Thanks to the Fed’s aggressive rate hiking cycle, fixed income & cash have become legitimate income-producing asset classes again. The safest short-term Treasury bills have yields around 5% and junk bonds are up to 8%. It’s a little counterintuitive to think that junk bonds have actually outperformed Treasuries throughout this cycle because the credit quality component usually gets dinged as conditions get tighter. That’s largely been a result of the idea that recession may be further off than originally thought and that’s continued to make high yield bonds look comparatively attractive.
But the yields that investors can achieve on junk bonds goes even higher. Covered call strategies have traditionally been limited to equity portfolios, but now they’re being developed around bond funds as well. The iShares High Yield Corporate Bond BuyWrite Strategy ETF (HYGW) is essentially a carbon copy of the popular iShares iBoxx $ High Yield Corporate Bond ETF (HYG) with an option writing strategy laid over the top of it.
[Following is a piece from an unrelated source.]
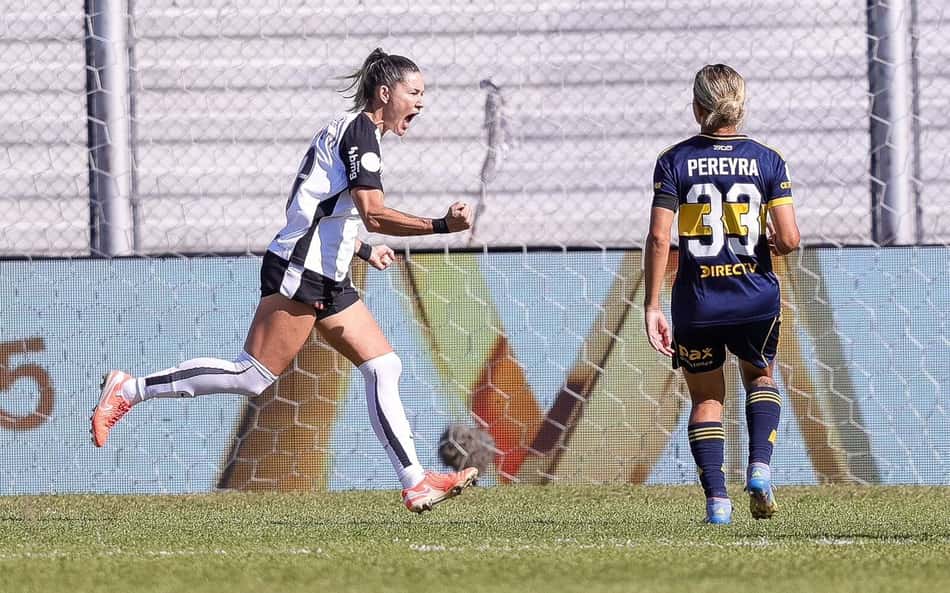 Gabi Zanotti faz hat-trick, Corinthians elimina Boca Juniors e avança na Libertadores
It’s quite simple in structure, but the elevated volatility in the bond market right now has really increased the value of options on bond products. That’s pushed the annualized distribution yield of HYGW up to nearly 20%. More importantly, is it sustainable and what are the risks?
Fund Background
HYGW tracks the CBOE HYG BuyWrite Index and is designed to measure the performance of a strategy of holding the underlying fund while writing one-month call options on HYG to generate income. The index utilizes European style call options, which means they can only be exercised at expiration. In short, HYGW writes at-the-money call options with one-month expirations over 100% of the portfolio.